Where the word "result" occurs in a line of the listing, please copy the line.

* **DATA LISTING**
=== Section Start ===

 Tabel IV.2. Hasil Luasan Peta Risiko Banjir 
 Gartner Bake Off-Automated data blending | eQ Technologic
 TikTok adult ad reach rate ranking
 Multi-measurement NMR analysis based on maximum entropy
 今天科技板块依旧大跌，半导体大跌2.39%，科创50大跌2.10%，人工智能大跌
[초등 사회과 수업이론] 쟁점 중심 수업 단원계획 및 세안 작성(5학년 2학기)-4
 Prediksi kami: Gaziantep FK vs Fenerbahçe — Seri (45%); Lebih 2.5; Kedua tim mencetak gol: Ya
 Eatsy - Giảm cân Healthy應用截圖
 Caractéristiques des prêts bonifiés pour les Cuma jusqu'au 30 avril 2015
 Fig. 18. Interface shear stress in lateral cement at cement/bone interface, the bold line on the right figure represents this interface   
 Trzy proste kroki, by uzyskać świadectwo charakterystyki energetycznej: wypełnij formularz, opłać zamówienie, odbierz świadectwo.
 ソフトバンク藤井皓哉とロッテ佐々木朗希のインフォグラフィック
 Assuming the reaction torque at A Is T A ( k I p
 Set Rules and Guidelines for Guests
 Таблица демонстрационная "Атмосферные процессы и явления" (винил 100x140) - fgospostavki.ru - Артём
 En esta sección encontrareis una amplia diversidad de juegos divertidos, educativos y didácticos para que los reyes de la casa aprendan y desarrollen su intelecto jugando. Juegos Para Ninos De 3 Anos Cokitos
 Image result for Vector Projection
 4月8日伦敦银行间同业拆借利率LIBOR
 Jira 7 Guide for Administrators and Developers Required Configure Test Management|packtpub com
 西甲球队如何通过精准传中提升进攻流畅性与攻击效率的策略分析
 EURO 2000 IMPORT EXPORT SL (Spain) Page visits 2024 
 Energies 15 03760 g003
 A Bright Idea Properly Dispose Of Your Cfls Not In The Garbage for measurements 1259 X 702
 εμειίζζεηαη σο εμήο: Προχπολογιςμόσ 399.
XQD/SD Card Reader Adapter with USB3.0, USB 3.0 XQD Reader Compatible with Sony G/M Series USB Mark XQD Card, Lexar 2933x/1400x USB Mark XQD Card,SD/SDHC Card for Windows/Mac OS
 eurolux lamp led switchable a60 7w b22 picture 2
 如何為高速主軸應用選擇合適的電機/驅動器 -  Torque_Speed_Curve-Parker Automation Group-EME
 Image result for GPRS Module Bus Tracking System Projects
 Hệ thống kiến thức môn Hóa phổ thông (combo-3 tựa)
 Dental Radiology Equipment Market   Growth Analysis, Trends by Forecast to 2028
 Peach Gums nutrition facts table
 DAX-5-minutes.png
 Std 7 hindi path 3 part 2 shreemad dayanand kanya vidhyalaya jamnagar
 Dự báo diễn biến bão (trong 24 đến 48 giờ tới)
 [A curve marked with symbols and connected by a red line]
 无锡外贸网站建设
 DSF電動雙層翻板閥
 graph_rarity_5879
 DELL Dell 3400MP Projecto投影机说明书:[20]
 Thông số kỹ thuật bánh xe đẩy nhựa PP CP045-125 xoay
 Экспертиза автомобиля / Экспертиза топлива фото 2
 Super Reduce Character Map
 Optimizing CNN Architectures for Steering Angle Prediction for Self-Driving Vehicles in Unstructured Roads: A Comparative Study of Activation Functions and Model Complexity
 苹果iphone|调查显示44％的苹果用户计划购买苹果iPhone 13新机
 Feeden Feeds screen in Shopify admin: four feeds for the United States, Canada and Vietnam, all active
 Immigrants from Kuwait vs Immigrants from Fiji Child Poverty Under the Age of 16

=== Section End ===

* **RESPONSE AREA**
 Image result for Vector Projection
 Image result for GPRS Module Bus Tracking System Projects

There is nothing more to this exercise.